Well, seems like the weather has been trying to play catch up and giving us all the rain we ‘missed’ over the summer in the last few days.

In some respects, it does seem quite apt, that in the run up to the COP26 meeting we should be suffering such extreme weather.

Although there is a bit of erosion on a couple of the fields of winter wheat, for the most part they are looking in reasonable order. And the grass reseeds from earlier in the autumn are in great shape, no doubt helped by the really mild weather.

This year was probably the latest we’ve ever had cows out, with their final day out at grass being only 10 days ago. In fact, as yet, we’ve only just brought in a small number of the youngstock, and hopefully they can get quite a bit longer outside as the near-term forecast is only really showing light rain.
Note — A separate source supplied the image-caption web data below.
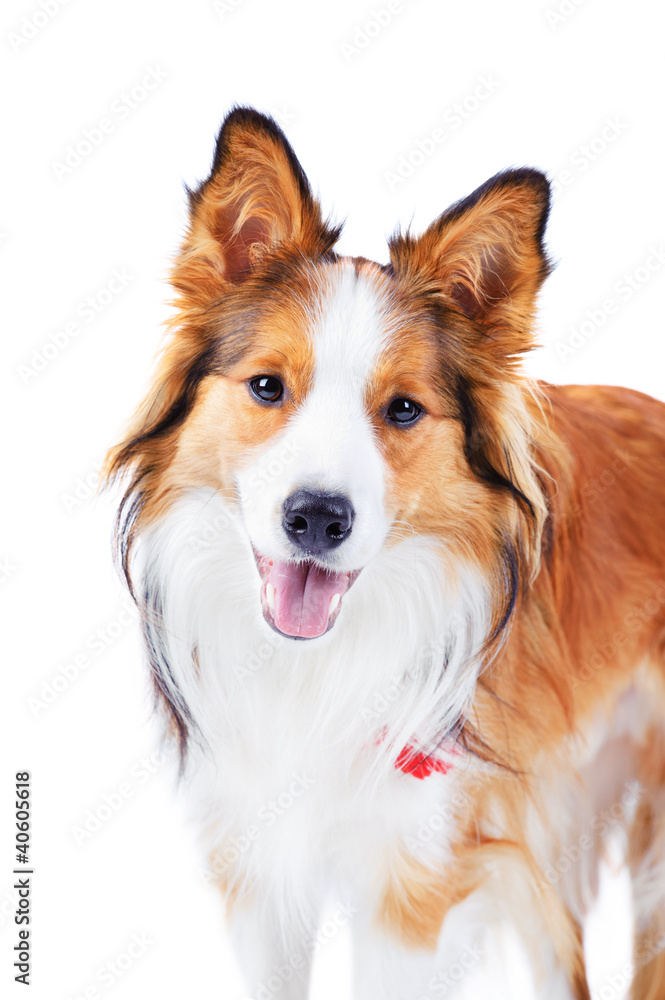 Dog isolated on white, border collie, portrait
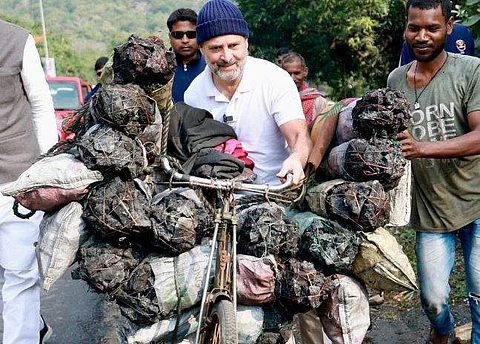 நிலக்கரி கொண்டு செல்வோரின் சைக்கிளுடன் ராகுல்!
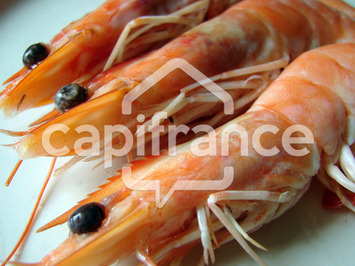 Vente - Poissonnerie - Pont-l'Abbé (29120)-photo-2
Unfortunately, something else which seems to have been enjoying the mild, humid conditions are the flies. Given that we’re now into November, they are still present in quite large numbers which certainly isn’t to the liking of the milk cows. We’re running the fans in the parlour not to keep the cows cool, but in the hope that the air movement distracts the flies.

Even with the irritation from the flies the cows continue to milk well on their winter rations (See table). Thankfully, quite a bit of the ration is homegrown (eg beans and wheat) this year which is keeping a bit of a lid on the feed costs as feeds like maize and golden flake have both risen by around 40% since this time last year. Overall feed costs (if we appropriately price in home grown feed) have risen about 2p/litre to just over 13p/litre.

And this is part of a whole range of price increases which are either affecting us right now, or are clearly headlined to be coming our way in the next 12 months.

Just looking at the obvious ‘big ticket’ items – Diesel is 75% up on this time last year. We put our staff’s wages up by 5% last month (to help with retention) and will have to put them up again by 6% at the start of next year to match the increase in NMW not forgetting the extra 1.25% that we as employers will have to pay for the Health and Social Care levy come April.

Thankfully, we renewed our electricity contract back in August but that was bad enough with a 25% increase over last year. I spoke to Go Low Carbon, the brokers that arranged that contract, and the equivalent deal today would be 60-70% higher than it was just a few months ago. This alone adds 0.4ppl to the cost of production.

I’m glad that we went ahead with our solar panels earlier this year. In the last 7½ months (and granted it was probably the sunniest summer we’re ever likely to have) the 30kW installation has produced over 27kWh of electricity (85% of which we utilised) and is well on target to achieve payback in year five.

Let's not forget nitrogen fertiliser which has seen probably the biggest increase of all – if you can get it! We’ve managed to secure probably about half of what we need at twice what we paid last year, so I guess things could be worse but there are going to be some tough decisions to make as far as where to get the best benefit of it.

Of course, the biggest unknown is what will happen to cereal prices in the year ahead as clearly the high fertiliser price is likely to drive lower crop yields and yet higher feed prices.

Overall, this all points towards a need for a big increase in milk price and although we are starting to see some upward movement, it is glacially slow, with retailers seemingly determined to keep a lid on price increases.

While that might seem sustainable for them in the short term, I think it is likely to be storing up bigger problems ahead. It seems likely that farmers will cut back production, especially as the cast cow price is reasonably attractive at the moment and the milk production tap is more difficult to open than it is to shut.